What is required >>
Copy out the listing that follows, exact in every word, and skip the images.

Given material >>
----------
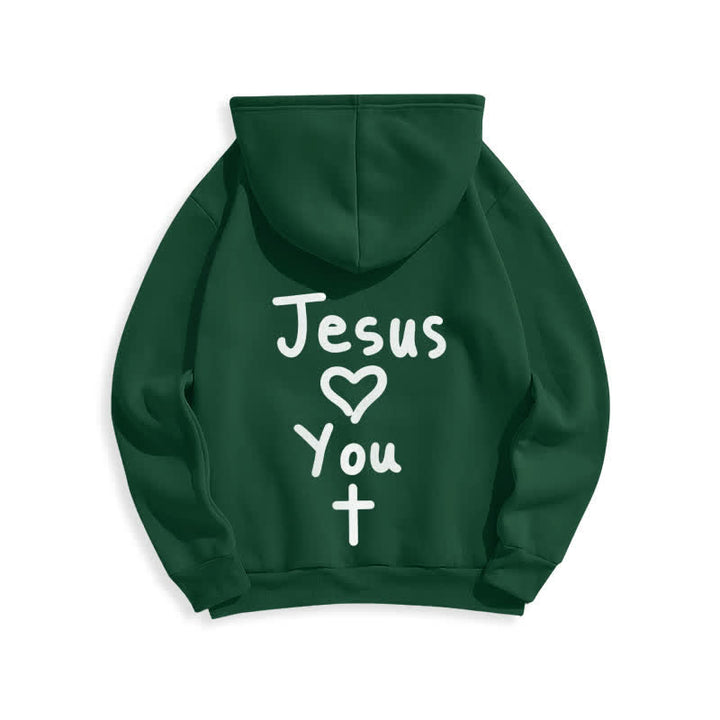 Christianartworkshop Jesus Loves You Oversized Fleece Pullover Hoodie - image 16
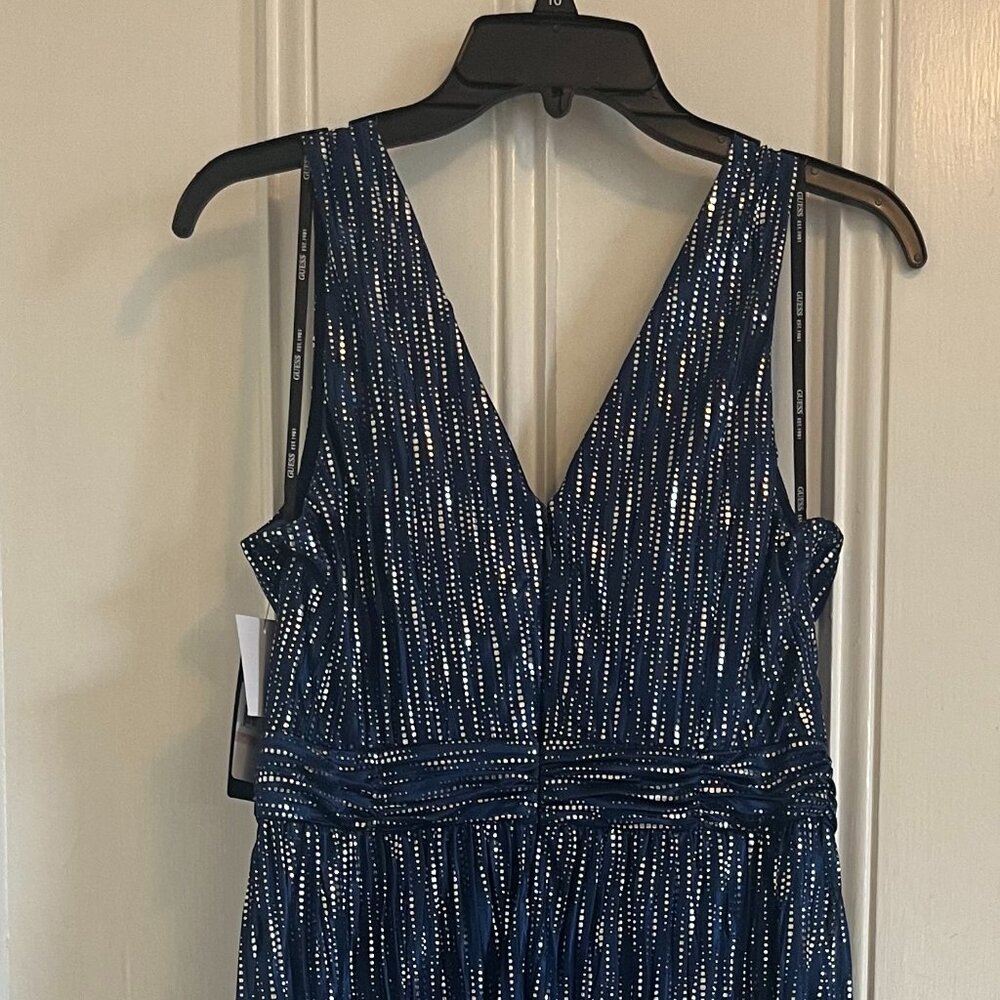 GUESS Metallic Blue Maxi Dress Size 10 NWT - Picture 4 of 6
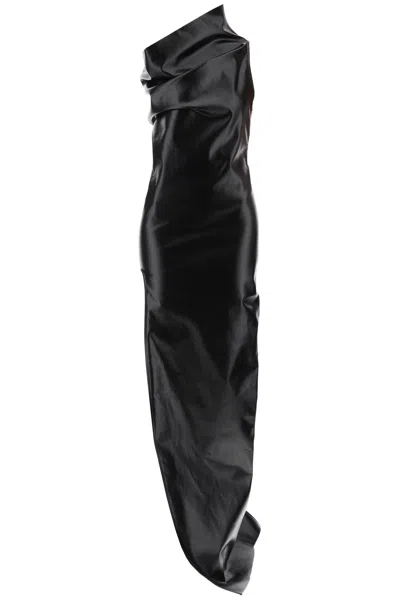 Shop Rick Owens Athena Maxi Dress In Laquered Denim In Black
----------
Answer section >>
 Christianartworkshop Jesus Loves You Oversized Fleece Pullover Hoodie - image 16
 GUESS Metallic Blue Maxi Dress Size 10 NWT - Picture 4 of 6
 Shop Rick Owens Athena Maxi Dress In Laquered Denim In Black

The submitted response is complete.